Theo Smart interviews Edwin Bernard of the HIV Justice Network
The following interview is one of five I conducted at IAS 2013 to gather case studies for an internal document for one on the funders of my trip to the meeting. The funder didn’t need the full interview, but we thought that it was too good not to publish it in its entirety.
Theo: Start by telling us about who you are, who you work for now, or what you do now, and when you started working with Global Network of People Living with HIV (GNP+).
Edwin: I have been living with HIV for 30 years, diagnosed for 25 and I became an HIV activist sort of accidentally. I was a journalist first and then after nearly dying and coming back to life in and around 2000, I re-focused on HIV journalism and then started working for NAM (which publishes www.aidsmap.com) in 2002 and was the editor of AIDS Treatment Update (later HIV Treatment Update) for five years until 2008.

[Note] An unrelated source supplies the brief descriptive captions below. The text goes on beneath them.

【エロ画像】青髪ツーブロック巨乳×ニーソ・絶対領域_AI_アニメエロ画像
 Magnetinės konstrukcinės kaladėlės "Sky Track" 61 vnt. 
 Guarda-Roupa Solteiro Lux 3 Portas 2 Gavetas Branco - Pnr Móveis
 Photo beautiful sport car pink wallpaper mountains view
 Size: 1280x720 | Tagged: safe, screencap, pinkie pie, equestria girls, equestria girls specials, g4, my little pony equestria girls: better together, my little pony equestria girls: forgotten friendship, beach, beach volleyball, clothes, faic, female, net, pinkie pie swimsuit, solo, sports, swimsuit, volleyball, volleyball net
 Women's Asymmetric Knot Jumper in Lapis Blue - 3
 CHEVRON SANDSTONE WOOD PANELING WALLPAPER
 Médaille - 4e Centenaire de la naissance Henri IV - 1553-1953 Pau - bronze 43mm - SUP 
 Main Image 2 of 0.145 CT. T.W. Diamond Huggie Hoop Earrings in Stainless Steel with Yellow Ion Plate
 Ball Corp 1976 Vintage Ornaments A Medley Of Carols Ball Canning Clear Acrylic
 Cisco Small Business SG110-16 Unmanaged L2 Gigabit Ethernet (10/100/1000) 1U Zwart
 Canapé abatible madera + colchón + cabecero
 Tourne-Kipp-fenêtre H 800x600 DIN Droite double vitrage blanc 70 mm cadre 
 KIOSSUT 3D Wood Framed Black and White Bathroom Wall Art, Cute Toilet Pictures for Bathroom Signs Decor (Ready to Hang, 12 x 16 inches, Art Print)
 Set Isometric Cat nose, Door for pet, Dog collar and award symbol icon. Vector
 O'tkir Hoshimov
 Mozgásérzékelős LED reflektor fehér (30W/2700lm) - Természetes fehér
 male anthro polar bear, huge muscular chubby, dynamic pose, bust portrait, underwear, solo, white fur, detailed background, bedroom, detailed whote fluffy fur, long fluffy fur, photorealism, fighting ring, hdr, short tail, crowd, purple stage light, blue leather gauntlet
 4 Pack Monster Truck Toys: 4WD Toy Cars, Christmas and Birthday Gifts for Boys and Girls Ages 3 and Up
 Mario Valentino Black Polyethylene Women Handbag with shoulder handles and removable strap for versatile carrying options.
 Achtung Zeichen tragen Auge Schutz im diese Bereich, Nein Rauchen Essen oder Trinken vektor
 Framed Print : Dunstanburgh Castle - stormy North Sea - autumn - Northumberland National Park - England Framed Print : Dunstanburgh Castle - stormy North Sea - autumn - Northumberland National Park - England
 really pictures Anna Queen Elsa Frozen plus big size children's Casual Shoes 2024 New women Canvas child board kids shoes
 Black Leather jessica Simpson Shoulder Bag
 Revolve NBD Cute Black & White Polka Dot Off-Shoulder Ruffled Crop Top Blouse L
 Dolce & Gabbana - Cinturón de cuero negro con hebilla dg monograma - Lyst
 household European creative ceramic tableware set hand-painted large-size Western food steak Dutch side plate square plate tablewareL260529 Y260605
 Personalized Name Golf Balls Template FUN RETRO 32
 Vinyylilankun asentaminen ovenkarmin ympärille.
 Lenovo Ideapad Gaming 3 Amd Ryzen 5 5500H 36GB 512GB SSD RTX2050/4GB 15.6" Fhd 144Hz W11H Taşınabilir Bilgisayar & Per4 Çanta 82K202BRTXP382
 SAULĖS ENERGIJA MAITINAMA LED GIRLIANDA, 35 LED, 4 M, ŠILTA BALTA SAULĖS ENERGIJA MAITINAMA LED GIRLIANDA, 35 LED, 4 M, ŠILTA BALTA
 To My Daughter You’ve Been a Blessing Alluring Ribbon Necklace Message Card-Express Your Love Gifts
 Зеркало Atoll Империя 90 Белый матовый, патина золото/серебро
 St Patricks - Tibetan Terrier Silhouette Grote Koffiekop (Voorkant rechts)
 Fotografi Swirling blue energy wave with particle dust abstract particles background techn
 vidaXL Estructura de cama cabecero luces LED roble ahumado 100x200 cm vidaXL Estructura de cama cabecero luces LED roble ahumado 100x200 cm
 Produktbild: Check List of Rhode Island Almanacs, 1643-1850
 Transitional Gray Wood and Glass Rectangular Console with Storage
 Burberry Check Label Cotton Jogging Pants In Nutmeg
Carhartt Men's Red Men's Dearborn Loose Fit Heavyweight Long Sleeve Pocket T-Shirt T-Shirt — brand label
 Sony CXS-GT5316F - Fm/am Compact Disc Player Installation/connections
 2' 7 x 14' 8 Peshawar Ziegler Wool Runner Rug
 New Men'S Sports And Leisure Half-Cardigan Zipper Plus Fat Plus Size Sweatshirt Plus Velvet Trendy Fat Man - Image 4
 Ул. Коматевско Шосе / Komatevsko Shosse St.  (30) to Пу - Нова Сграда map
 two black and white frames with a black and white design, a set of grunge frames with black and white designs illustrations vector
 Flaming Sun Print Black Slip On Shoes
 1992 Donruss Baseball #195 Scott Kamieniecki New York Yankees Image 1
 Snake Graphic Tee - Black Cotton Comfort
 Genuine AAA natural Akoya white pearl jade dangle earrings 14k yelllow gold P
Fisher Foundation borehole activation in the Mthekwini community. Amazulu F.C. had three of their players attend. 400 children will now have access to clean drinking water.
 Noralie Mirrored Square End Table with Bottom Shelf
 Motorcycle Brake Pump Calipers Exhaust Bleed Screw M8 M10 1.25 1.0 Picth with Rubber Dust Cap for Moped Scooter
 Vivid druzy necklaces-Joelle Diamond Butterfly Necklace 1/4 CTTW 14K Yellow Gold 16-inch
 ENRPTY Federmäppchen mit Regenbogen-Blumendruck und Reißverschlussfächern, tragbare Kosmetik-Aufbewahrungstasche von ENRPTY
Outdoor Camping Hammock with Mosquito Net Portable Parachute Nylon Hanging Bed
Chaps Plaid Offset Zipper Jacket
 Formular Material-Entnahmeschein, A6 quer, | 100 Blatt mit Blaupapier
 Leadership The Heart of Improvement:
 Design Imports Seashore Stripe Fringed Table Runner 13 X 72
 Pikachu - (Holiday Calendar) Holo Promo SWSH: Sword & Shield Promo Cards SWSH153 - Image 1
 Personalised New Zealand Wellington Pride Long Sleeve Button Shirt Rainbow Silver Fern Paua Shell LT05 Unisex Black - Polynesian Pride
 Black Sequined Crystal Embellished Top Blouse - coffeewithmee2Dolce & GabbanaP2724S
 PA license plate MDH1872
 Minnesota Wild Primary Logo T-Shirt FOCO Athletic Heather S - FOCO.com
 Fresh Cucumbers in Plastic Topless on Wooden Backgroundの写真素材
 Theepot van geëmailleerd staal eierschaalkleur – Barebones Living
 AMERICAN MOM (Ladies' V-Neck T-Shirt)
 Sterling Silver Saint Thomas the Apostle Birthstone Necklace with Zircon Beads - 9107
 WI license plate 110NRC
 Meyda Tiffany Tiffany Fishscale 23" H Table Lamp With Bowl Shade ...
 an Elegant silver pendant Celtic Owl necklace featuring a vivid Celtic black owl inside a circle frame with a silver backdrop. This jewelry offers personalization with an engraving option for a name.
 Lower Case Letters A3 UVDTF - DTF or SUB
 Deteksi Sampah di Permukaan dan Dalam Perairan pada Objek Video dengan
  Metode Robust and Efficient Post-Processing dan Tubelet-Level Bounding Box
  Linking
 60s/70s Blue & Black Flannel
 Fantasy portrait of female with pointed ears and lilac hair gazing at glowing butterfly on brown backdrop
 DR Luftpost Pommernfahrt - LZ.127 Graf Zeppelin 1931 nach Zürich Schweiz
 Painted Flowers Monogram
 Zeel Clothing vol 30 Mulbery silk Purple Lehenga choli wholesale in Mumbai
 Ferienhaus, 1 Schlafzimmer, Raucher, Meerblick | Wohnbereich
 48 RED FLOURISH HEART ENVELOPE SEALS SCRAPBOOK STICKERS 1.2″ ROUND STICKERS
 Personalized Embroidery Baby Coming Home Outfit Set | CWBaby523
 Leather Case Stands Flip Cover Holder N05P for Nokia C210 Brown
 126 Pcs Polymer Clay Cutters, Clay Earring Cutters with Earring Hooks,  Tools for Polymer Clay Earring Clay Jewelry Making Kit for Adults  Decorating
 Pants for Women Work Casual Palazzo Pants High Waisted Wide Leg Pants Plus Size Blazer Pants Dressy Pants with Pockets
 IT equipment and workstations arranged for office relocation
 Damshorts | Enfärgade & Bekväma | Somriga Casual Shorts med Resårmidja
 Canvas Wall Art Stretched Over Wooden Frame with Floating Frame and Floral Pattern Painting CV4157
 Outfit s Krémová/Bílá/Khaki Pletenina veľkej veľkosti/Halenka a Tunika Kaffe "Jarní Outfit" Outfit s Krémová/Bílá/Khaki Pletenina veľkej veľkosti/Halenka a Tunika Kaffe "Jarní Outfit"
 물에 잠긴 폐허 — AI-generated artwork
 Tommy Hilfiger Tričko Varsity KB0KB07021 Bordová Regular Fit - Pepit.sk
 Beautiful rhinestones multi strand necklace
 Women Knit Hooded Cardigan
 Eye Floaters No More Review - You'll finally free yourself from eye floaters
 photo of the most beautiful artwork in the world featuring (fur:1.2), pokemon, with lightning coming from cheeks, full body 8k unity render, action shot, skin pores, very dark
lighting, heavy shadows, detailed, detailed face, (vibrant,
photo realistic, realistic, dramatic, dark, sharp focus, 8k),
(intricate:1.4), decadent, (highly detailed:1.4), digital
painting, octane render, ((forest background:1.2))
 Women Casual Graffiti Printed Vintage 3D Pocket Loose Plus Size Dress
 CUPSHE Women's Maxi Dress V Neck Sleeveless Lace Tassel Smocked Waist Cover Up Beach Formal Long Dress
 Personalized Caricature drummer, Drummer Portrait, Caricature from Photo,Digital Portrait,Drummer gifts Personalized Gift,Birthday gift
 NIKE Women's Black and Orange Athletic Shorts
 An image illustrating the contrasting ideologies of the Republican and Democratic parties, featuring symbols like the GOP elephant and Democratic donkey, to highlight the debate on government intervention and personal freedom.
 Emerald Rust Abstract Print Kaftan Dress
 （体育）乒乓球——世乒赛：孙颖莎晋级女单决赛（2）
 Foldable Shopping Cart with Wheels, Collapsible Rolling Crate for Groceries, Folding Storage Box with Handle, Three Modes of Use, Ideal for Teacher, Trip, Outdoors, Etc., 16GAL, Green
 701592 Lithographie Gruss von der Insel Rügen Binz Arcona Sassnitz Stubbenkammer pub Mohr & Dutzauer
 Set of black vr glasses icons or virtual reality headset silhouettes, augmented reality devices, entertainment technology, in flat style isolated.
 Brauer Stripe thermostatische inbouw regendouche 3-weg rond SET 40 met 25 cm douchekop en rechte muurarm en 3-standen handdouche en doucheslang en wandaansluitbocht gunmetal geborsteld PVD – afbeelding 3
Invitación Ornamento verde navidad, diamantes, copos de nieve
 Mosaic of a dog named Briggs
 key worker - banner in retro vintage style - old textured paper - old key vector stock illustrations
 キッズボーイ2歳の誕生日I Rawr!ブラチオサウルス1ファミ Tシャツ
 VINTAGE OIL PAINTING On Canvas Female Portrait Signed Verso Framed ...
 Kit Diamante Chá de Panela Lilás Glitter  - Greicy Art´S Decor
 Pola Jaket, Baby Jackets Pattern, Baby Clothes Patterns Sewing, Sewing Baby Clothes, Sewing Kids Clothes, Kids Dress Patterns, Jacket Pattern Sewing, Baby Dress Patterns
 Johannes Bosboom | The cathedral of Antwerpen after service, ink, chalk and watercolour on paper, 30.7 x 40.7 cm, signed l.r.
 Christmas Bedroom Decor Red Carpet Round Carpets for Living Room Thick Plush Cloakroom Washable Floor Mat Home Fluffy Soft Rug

During that time I became very interested in HIV criminalisation [the use of law to regulate or punish people living with HIV, particularly the use of law to prosecute cases of non-disclosure of, exposure to or transmission of HIV] and since then I have started an organisation called the HIV Justice Network (http://www.hivjustice.net/) which focuses specifically on bringing together people from all over the world to advocate against HIV criminalisation. The Network includes social scientists and policy makers — not only organisations and individuals living with HIV. We’re trying to mitigate the harm of HIV criminalisation – what it does to people living with HIV, and also the broader public health.
T: Did you work with the Global Network of People Living with HIV (GNP+) on these issues?
Edwin: Yes. When I started, my very first experience working with GNP+ was helping to move the global criminalisation scan from the European/central Asia scan which was done in 2005. I was brought in as one of several people to work on trying to make the scan global from 2008. I’ve worked with GNP+ on the global criminalisation scan from 2008.
And you know, I’ve worked with GNP+ on the global criminalisation scan every time it’s been updated since then – helping to gather the information and also analysing the data and trying to, you know, build the database.
T: So GNP+ maintains the criminalisation scan?
Edwin: Yes. The scan is a fantastic database. It has now grown to a global database that includes all the various punitive laws and policies that impact people living with HIV, and also the key affected populations.
T: Does that include laws pertaining to injecting drug use?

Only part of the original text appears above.